/Large-Scale-Knowledge-Tracing

Efficient implementations for handling large-scale student log data and knowledge tracing algorithms.

Primary LanguageJupyter Notebook

Assessing the Knowledge State of Online Students

This project provides an efficient analysis framework for the study of knowledge tracing algorithms using various large-scale datasets. It converts the different datasets into a standardized format and provides implementations of various logistic regression and deep learning algorithms. Parts of this codebase were adapted from an earlier repository by Theophile Gervet. We offer convenient parallel processing capabilities for data preparation and feature extraction. Experiments can be started using the files provided in the scripts folder. This repository is published alongside the paper Assessing the Knowledge State of Online Students - New Data, New Approaches, Improved Accuracy (Link).

Algorithms

The following algorithms are implemented:

Datasets

The following datasets are supported:

While this framework can also handle the Junyi20 dataset we want to note that the Junyi20 dataset rounds timestamps to the closest 15 minutes. This prevents an exact reconstruction of the student interaction sequences. Because most of the implemented algorithms are sensitive to the order of student responses the Junyi20 data should be handled with care. The Eedi dataset rounds timestamp information to the closest minute, but upon request the dataset authors provided us with a file allowing for an exact sequence reconstruction.

Setup

The easiest way to use this project is to start with a new Conda environment. After that one can install all packages using the provided requirement file. There are two version of the requirement file one for GPU and one for CPU machines.

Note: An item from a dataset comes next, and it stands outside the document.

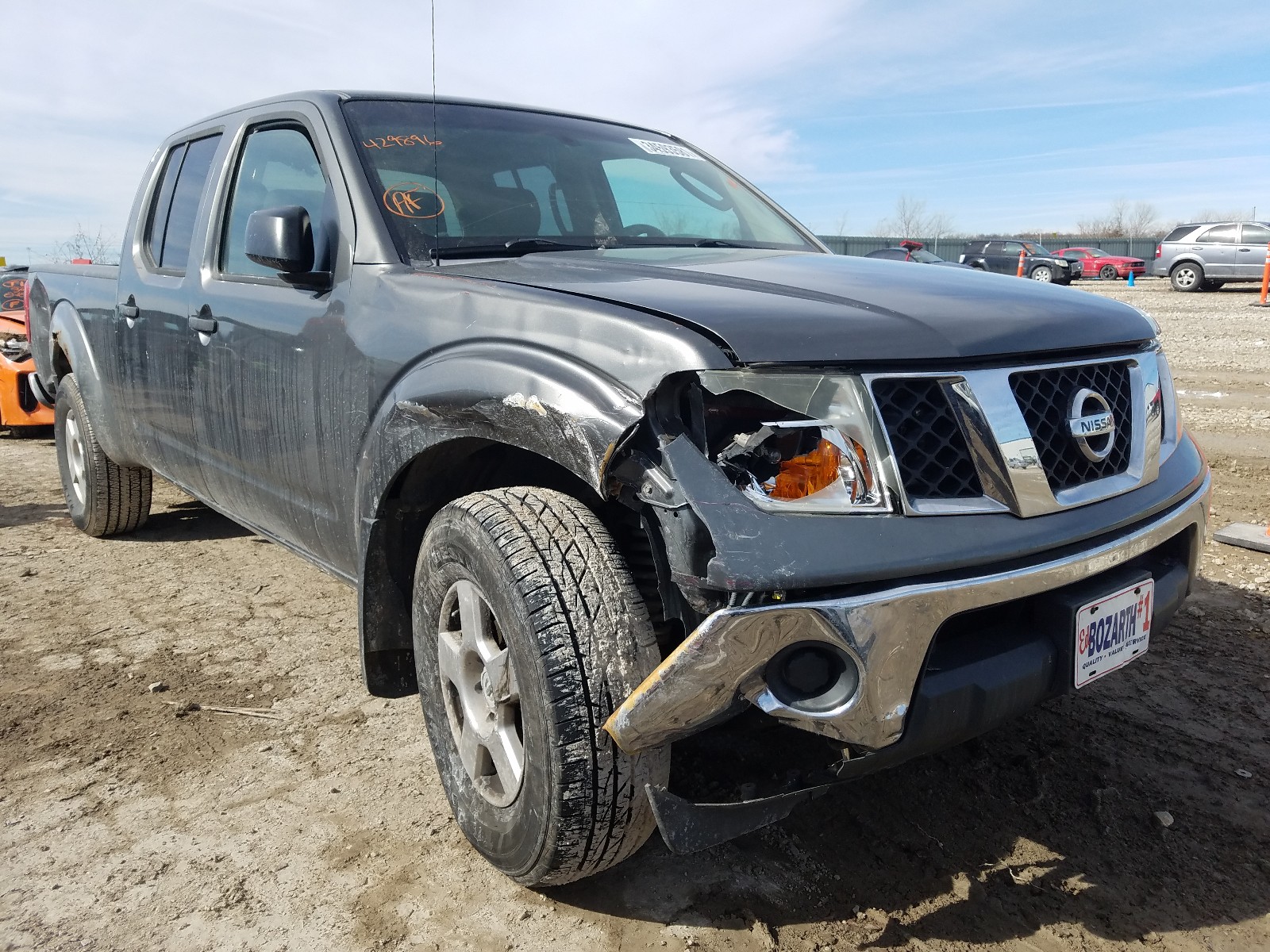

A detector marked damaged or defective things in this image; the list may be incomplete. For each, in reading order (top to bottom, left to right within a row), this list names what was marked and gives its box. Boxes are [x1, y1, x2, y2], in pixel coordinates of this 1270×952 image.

damaged nissan frontier [25, 89, 1206, 882]
broken headlight [695, 370, 895, 514]
crumpled bumper [606, 473, 1213, 755]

conda create python==3.7 -n vedu
conda activate vedu

# use one of the requirement files
pip install -r ./config/requirements_cpu.txt
pip install -r ./config/requirements_gpu.txt

Before starting the experiments download the desired datasets using the links above and put the files into the respecitive directories in the data folder. Unzip the compressed data files.

Important preparation scripts

  • data_preparation: Converts the raw data into a standardized format
  • feature_preparation: Extracts various features from the standardized data

The folder scripts/experiments contains convenient preparation scripts for each dataset to deal with data and feature preparation. Due to the large size of the datasets one might not want to compute all features at the same time. Most script contain a parameter that specifies the number of available threads. Adapt this parameter to match your own system.

Training

Logistic Regression

After data and feature preparation the script train_lr can be used to train exisiting logistic regression models and to experiment with combinations of various features to create new models. After training, the resulting model and its performance are stored in the artifacts folder.

Time-specialiced Logistic Regression

The script time_specialized can be used to train multiple specialiced models for different parts of the student interaction sequence. This is a useful technique for mitigating the cold-start problem for new students. The script also allows to evaluate the performance of a "generalist" logistic regression model previously trained using the train_lr script during different parts of the learning process.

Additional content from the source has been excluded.